AYALA Land Inc. is accelerating the buildout of its leasing portfolio, with management outlining an aggressive pipeline of new mall and office space projects that will reinforce recurring income as a core earnings driver.
In an interview last week, President and CEO Anna Ma. Margarita Bautista-Dy said the company’s capital spending was increasingly being directed toward leasing assets under a long-term transition plan.
“I think what we’re doing is we’re prioritizing the leasing [business] in our capital expenses. It’s really a multiyear plan,” Dy said, noting that repositioning a company of Ayala Land’s scale will take time and careful execution.
The company is set to deliver about 270,000 square meters of new leasing space this year alone, including roughly 200,000 square meters of malls and 70,000 square meters of offices, marking one of its largest annual expansions to date.
Dy said the rollout would continue steadily over the next three to five years, forming part of a broader plan to add more than one million square meters of leasing gross floor area over a five-year horizon.
“You can expect to see openings, continuous openings of malls and offices in the next three to five years,” she said.
All of the planned developments are located within Ayala Land’s existing estates, allowing the company to move projects forward without the need to secure new sites.
While current targets remain intact, Dy said the pace of expansion could still be increased depending on market conditions.

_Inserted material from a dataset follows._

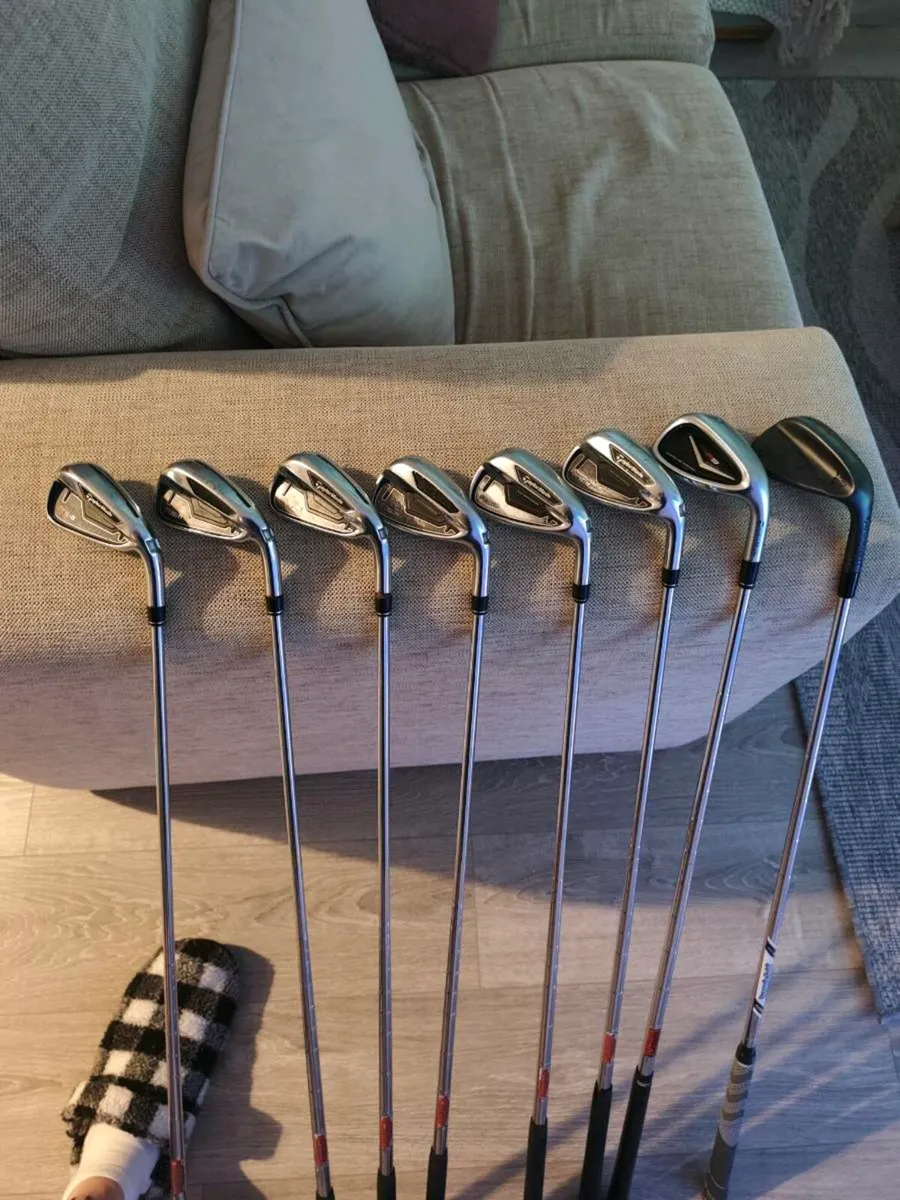 Set of Taylormade irons - Image 1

Alongside new capacity, Ayala Land is also sustaining upgrades across its commercial assets. Renovations of flagship malls were said to be nearing completion this year, after which the company will focus on enhancing the rest of its network of more than 30 malls.
“Upgrades are an ongoing thing,” Dy said, pointing out that only four of its properties are considered flagship malls, leaving a significant portion of the portfolio undergoing improvements.
Ayala Land highlighted the strength of its financial position in support of its leasing business push.
The company earlier reported a net debt-to-equity ratio of about 0.8 times and interest coverage of over four times, with total debt of around P300 billion backed by a roughly P1-trillion asset base as of end-2025.
Chief Finance Officer and Treasurer Jed Quimpo said the company continued to actively recycle capital to fund growth while maintaining balance sheet flexibility.
“Capital recycling has become one of our key levers... we continuously unlock value while retaining exposure to quality income streams,” Quimpo said, adding that they regularly reviewed assets for reinvestment into higher-return opportunities.
The expansion of leasing assets is expected to support a more stable earnings mix, complementing Ayala Land’s residential business, bolstered by disciplined launches and sustained demand in key estates.
The company is targeting the delivery of about 13,000 residential units this year, including roughly P124 billion worth of turnovers in the premium segment.
As Ayala Land builds out its leasing footprint, management is positioning the business to generate more predictable cash flows while maintaining the flexibility to adjust the pace of investments in response to shifting market conditions.
The company’s shares on Friday dropped P0.54, or 3.30 percent, to close at P15.80 each.